• [Aim of the exercise] Among the lines of this listing, count those that include "Size" and state the count by itself.

.....

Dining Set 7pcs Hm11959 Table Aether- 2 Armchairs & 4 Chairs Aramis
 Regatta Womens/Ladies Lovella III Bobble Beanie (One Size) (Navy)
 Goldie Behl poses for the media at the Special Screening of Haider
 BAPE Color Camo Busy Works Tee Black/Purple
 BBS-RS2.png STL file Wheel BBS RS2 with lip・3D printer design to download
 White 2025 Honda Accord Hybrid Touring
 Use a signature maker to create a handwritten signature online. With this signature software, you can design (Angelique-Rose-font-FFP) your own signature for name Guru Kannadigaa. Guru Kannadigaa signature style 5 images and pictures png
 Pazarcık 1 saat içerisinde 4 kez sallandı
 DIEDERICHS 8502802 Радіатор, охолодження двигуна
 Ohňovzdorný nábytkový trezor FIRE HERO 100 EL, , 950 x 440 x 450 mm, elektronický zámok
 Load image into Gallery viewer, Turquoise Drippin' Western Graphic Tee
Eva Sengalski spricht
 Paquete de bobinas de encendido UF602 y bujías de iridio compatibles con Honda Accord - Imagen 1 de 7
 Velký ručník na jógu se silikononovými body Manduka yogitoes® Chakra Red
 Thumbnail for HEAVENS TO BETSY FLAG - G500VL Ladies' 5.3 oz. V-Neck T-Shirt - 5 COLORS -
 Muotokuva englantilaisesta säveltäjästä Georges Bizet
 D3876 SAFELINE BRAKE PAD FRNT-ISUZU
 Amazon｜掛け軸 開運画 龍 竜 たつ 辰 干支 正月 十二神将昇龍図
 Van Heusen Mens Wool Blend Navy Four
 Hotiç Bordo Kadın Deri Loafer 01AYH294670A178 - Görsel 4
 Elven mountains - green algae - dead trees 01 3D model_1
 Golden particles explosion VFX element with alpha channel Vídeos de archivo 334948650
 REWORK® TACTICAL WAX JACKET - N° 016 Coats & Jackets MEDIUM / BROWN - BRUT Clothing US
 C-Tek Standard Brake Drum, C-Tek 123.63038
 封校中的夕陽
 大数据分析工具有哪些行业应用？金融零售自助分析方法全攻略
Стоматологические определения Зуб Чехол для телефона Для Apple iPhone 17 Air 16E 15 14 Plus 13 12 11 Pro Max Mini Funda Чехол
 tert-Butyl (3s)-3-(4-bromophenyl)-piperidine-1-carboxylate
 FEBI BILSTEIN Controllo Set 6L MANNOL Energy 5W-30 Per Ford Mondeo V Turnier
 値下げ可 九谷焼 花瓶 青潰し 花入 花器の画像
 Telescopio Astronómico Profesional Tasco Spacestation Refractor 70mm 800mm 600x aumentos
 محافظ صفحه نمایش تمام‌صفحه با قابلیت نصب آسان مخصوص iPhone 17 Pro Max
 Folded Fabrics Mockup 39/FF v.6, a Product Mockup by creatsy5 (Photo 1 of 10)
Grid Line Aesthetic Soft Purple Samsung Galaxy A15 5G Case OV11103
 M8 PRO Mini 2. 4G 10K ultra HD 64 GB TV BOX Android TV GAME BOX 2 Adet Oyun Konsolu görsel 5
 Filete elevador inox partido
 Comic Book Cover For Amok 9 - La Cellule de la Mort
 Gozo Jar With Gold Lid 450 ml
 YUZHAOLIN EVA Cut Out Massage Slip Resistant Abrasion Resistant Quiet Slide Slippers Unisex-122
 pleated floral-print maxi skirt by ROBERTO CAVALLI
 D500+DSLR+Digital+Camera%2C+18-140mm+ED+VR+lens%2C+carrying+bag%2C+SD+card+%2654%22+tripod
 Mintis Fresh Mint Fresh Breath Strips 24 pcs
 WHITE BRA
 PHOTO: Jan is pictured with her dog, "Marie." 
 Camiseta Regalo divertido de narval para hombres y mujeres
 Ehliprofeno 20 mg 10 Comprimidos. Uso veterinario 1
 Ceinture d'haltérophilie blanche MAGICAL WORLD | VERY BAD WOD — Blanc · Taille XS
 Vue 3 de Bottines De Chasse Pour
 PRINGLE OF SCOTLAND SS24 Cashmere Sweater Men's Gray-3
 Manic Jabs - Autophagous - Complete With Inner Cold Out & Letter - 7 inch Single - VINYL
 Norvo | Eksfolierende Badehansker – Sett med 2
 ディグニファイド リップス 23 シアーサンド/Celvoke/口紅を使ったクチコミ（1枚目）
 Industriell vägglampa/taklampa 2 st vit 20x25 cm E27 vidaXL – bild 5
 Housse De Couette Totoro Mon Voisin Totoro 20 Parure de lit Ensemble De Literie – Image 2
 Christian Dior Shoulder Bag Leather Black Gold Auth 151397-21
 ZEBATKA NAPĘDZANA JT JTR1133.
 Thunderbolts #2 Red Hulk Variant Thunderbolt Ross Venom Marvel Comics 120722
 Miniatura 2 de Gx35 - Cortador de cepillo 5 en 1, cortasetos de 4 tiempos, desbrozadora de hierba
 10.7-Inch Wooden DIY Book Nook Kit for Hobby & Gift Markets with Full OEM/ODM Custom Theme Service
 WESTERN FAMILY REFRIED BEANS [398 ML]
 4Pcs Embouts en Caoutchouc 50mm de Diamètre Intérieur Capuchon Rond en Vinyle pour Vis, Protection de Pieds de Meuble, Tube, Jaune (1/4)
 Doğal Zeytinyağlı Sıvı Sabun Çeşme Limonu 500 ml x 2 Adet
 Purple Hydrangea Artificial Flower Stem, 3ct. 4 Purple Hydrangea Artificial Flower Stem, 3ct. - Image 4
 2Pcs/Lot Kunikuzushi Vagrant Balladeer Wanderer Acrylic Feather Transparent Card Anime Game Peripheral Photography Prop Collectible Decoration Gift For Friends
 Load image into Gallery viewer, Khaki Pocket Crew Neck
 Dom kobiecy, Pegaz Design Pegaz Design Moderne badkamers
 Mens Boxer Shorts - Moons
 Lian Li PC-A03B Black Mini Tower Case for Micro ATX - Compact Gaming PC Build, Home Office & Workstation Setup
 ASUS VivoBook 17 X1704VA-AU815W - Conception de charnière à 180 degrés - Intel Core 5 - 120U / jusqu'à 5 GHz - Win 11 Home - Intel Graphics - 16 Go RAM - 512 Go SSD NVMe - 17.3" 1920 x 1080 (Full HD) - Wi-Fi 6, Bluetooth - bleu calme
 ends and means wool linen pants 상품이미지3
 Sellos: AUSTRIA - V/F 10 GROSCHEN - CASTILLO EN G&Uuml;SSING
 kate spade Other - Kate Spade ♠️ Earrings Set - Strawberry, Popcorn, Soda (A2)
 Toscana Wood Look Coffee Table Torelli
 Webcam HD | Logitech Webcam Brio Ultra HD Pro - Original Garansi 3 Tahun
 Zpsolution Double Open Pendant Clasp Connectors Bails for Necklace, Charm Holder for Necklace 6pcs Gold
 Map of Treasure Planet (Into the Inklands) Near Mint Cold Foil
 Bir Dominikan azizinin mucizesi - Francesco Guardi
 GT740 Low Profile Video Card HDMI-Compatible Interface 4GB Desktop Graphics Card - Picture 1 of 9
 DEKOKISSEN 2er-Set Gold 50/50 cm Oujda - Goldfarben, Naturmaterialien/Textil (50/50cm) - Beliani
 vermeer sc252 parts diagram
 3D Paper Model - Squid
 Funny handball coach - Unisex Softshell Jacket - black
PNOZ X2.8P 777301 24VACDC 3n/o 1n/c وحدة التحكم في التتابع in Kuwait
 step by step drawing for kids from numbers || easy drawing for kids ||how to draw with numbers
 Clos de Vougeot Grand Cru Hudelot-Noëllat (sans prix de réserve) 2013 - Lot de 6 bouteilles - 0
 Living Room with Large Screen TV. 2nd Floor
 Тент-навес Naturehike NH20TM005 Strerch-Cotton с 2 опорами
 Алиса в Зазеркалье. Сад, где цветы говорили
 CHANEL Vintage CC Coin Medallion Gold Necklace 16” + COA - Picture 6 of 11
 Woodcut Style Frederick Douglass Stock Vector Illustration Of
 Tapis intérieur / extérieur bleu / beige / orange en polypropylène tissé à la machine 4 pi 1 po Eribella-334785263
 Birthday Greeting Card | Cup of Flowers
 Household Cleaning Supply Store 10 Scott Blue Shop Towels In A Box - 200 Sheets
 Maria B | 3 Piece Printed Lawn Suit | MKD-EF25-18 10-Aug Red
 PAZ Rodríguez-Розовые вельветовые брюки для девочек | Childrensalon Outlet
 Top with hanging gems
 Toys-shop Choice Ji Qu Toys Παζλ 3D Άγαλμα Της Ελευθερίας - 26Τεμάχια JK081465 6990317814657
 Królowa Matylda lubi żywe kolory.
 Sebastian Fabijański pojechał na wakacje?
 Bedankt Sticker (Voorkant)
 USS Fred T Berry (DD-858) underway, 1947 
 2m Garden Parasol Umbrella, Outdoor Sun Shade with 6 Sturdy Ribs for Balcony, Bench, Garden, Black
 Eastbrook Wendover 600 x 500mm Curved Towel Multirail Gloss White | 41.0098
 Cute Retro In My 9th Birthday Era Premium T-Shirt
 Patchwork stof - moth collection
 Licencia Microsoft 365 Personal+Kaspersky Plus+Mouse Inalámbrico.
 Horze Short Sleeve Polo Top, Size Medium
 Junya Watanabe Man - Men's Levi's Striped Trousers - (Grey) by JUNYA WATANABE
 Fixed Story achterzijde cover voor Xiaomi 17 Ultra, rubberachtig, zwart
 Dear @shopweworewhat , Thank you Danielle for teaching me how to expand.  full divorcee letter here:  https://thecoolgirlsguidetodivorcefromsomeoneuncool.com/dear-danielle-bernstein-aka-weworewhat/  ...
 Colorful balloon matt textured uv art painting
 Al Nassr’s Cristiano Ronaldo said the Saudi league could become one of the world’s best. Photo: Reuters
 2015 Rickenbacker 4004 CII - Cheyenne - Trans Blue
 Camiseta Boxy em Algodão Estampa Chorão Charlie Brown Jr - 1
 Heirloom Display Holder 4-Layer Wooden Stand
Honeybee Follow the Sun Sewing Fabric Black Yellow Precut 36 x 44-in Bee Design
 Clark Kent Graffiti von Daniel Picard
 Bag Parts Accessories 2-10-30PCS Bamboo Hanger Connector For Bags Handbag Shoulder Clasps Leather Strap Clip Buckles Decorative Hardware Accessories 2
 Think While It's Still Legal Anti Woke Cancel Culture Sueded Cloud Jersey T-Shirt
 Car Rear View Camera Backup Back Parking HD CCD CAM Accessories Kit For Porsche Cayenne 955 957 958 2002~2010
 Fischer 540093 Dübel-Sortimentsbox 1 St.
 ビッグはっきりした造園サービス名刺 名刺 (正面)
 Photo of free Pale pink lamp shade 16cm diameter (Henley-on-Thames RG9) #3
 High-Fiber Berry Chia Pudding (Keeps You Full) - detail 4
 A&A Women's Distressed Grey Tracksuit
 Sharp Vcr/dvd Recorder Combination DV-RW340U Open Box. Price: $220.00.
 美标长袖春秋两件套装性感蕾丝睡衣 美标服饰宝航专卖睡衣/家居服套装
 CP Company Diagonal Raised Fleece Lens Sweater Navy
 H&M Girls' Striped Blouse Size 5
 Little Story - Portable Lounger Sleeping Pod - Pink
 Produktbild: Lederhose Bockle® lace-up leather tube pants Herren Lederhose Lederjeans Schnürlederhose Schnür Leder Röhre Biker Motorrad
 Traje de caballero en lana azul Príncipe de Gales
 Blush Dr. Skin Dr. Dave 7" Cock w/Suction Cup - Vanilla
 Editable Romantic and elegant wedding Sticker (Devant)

.....

• [Solution to the exercise] 3